Cursor sparks user outrage after AI support bot invents fake policy
Users of Cursor, the AI programming assistant, reported they couldn’t use the software on more than one device. The claim came from Cursor’s automated support agent, sparking widespread complaints and subscription cancellations.
The issue started when users challenged the policy—the AI bot created doesn’t exist.
The revelation came after investigation showed the AI support system invented the multi-device restriction out of thin air.
This kind of "agentwashing" highlights risks with today’s AI agents. They often run on large language models (LLMs) that produce unpredictable, sometimes false responses.
"Most of today’s agents are powered by large language models (LLMs), which generate probabilistic responses. These systems are powerful, but they’re also unpredictable. They can make things up, go off track, or fail in subtle ways—especially when they’re asked to complete multistep tasks, pulling in external tools and chaining LLM responses together."

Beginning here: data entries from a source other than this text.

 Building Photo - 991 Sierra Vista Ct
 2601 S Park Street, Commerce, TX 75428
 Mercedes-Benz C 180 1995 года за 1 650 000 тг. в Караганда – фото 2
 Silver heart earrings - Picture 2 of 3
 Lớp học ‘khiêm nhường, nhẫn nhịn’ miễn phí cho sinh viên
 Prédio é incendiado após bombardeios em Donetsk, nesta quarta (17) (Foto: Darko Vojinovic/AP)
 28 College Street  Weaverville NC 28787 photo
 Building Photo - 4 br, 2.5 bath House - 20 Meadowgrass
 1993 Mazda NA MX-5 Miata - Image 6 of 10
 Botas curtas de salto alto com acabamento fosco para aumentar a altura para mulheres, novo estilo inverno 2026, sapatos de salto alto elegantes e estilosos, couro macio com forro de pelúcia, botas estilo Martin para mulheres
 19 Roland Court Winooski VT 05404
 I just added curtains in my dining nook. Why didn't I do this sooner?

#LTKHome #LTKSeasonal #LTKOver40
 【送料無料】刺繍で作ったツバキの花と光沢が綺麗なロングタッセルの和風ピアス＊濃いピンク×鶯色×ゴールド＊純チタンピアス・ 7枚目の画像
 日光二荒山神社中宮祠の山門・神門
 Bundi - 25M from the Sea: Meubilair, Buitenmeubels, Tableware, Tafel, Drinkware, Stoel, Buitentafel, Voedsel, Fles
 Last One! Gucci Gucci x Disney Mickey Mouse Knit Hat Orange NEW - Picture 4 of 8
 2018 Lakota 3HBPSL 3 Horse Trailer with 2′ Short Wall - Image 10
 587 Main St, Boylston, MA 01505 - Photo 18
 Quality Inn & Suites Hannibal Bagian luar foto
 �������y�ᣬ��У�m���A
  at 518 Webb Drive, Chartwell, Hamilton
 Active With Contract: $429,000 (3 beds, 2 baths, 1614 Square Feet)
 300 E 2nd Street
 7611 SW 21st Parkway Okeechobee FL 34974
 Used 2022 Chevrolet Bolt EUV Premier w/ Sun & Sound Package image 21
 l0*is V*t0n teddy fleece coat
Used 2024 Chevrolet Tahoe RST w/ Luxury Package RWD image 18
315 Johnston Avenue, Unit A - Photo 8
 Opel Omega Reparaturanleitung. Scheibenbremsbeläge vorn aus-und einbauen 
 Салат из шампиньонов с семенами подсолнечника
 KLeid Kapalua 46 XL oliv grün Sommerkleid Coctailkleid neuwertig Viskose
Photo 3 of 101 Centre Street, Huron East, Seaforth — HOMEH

The launch of more reliable, enterprise-grade AI agents is underway. Companies like AI21 (cofounded by the article’s author) have rolled out Maestro, which combines LLMs with company data and external info to ensure dependable outputs.
But challenges remain. Agents must work together seamlessly. Google’s A2A protocol attempts to make agents share tasks across systems but lacks shared context and vocabulary, making coordination brittle.
"It defines how agents talk to each other, but not what they actually mean… Without a shared vocabulary or context, coordination becomes brittle. We’ve seen this problem before in distributed computing. Solving it at scale is far from trivial."
Cursor’s episode is a stark warning: AI assistants need robust guardrails and real reliability before users can trust them. Until then, expect more "invented policies" and confusion.